OH MY GAWD, WOMAN! You're "going away" for two nights 45 minutes from home, and you're packing and planning and acting like you're sailing off to Timbuktu. STOP ALREADY!
I'm a bit excited about this weekend. We have some fabulous new experiences planned, and of course there is just staying at the resort. This is a Disney "moderate" resort, not the Grand Floridian or the Animal Kingdom Lodge, and we got a discount room rate, and it gets "mixed" reviews on Trip Advisor. Most people sing its praises, and most of the negative reviews are written by...how can I put this? Assholes. They didn't like the food choices at the Pepper Market so they give the whole place one star. The tile in the bathroom "looks dated." Stuff like that. Some of the negative reviews are downright hilarious. Like the Canadian woman who learned there was an alligator in the lagoon and saw a palmetto bug in her room as she was checking out (Florida has alligators and palmetto bugs and Disney doesn't actually have any pixie dust that can direct them off the property; the bug probably wandered in while they were getting their stuff packed up and left the door open). She threw a melodramatic fit all over TripAdvisor! She was going to DIE, attacked by an alligator! She was TERRIFIED!! Nobody told her her life would be in DANGER, and on and on. When the front desk clerk at checkout gently said, "Yes ma'am, this is Florida," and didn't give her a discount for her trauma of VISITING FLORIDA and being TOLD there was an alligator in the water, she proceeded to crap all over the resort in an unintentionally hilarious review. She must be a delight to live with.

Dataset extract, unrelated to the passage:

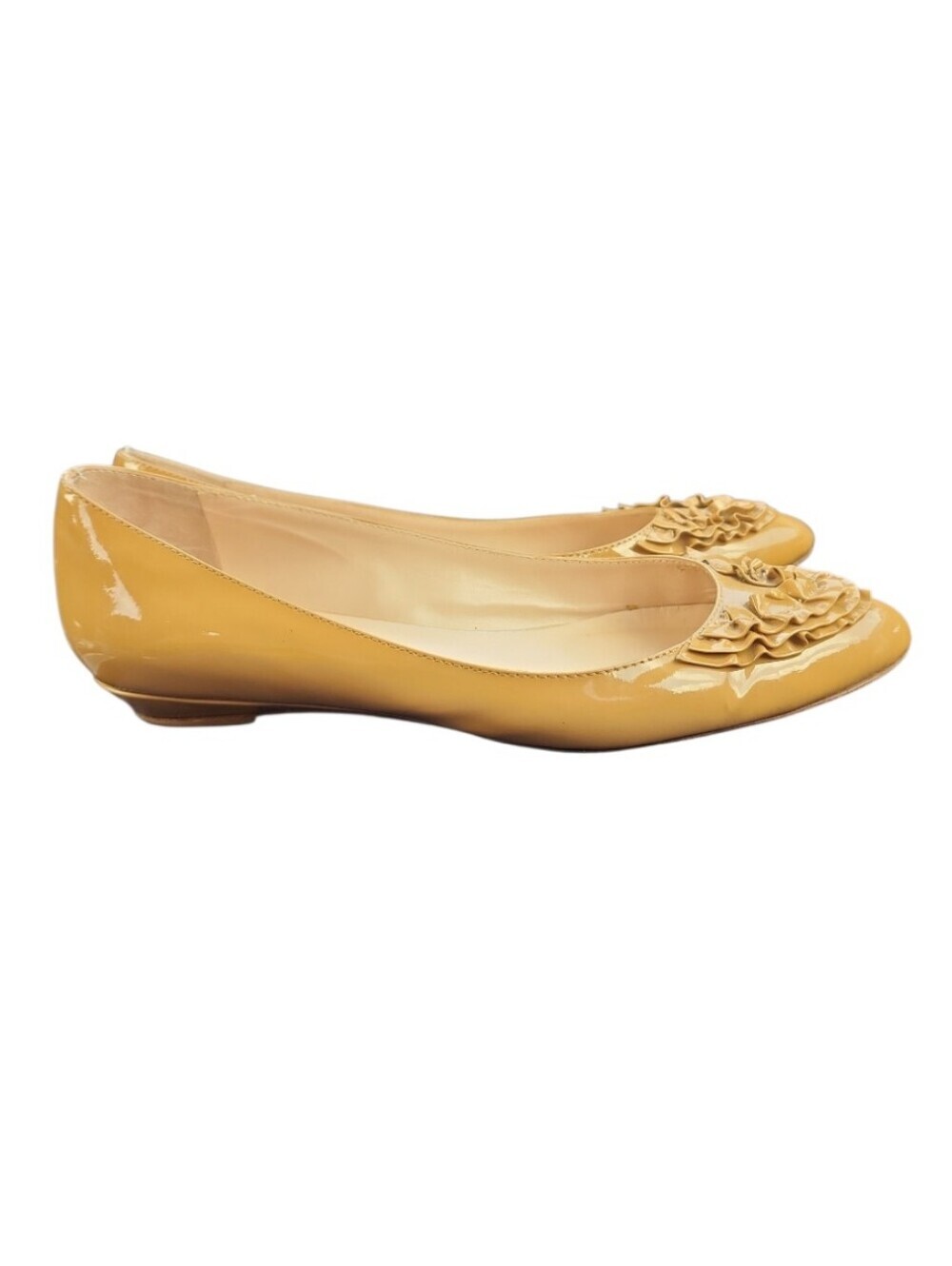 Loeffler Randall Patent Leather Ballet Flat Ruffle Pointy Front Size 8 B Yellow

I am not put off by an alligator in the lagoon, nor am I bothered by the people who bitch that the decor looks "dated," or any of the other one star whines. The biggest complaint is that OMG, it's so BIG, you have to WALK SO MUCH! Honey, if you're whining about walking to your room at the resort, the parks are gonna kill your lazy ass. It's Disney. You walk. A lot. You sweat. A lot. Whining about walking at Disney is like whining about...alligators in every body of water in Florida. I work in a neat, manicured, suburban office park. We have an alligator in the office park lake. The alligator in the Coronado Springs Resort lagoon thinks that woman was a hysterical idiot and is glad the front desk didn't pander to her obvious trolling for a discount.

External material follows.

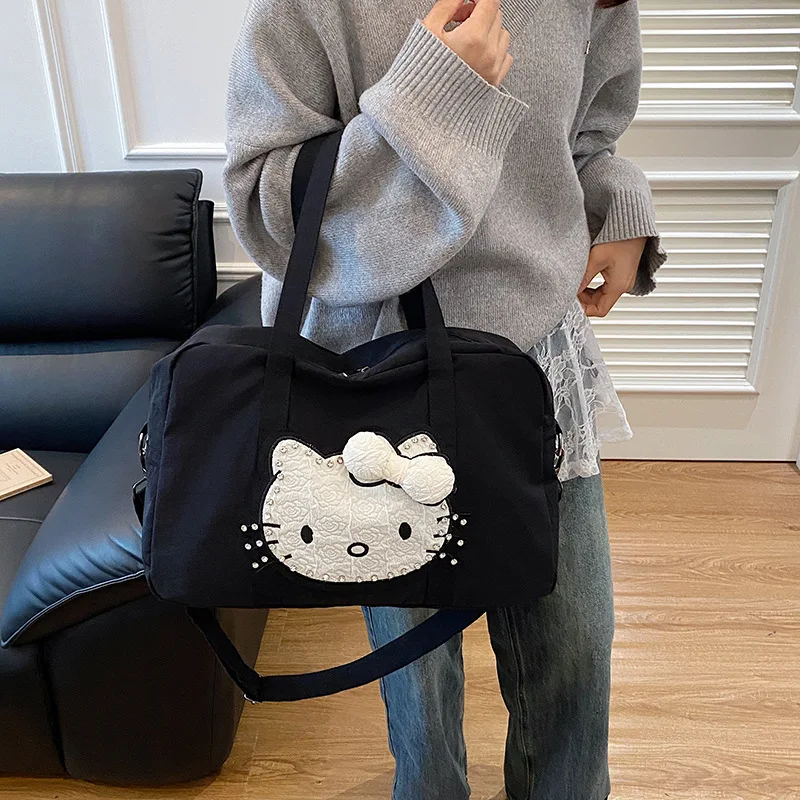 

New Cute Kitty Luggage Shoulder Bag Sweet Cartoon Fitness Bag Kawaii Cat Crossbody Bag Large capacity Short Trip Travel Handbag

The people who like the resort sound a lot more fun. They rave about the lush landscaping and the pool and the poolside games for the kids, and the playground designed like an Mayan archaeological dig, and apparently there's a bartender named Jesus who makes a fabulous margarita. I plan to make it my mission to meet this god of margaritas.
I am not bringing my wee little laptop with me on this trip. I will have my camera and my iPhone so of course I'll be connected to the world, but I do want to take these two nights and three days to unplug from reality as much as I can, and immerse myself in Disney magic and the resort experiences and many, many margaritas.
I'm off to launder and pack and write neurotic dog mom instructions to Sophie's sitter. I'll check in here with far too many photos probably next Tuesday. I suspect I'll be too exhausted Monday night.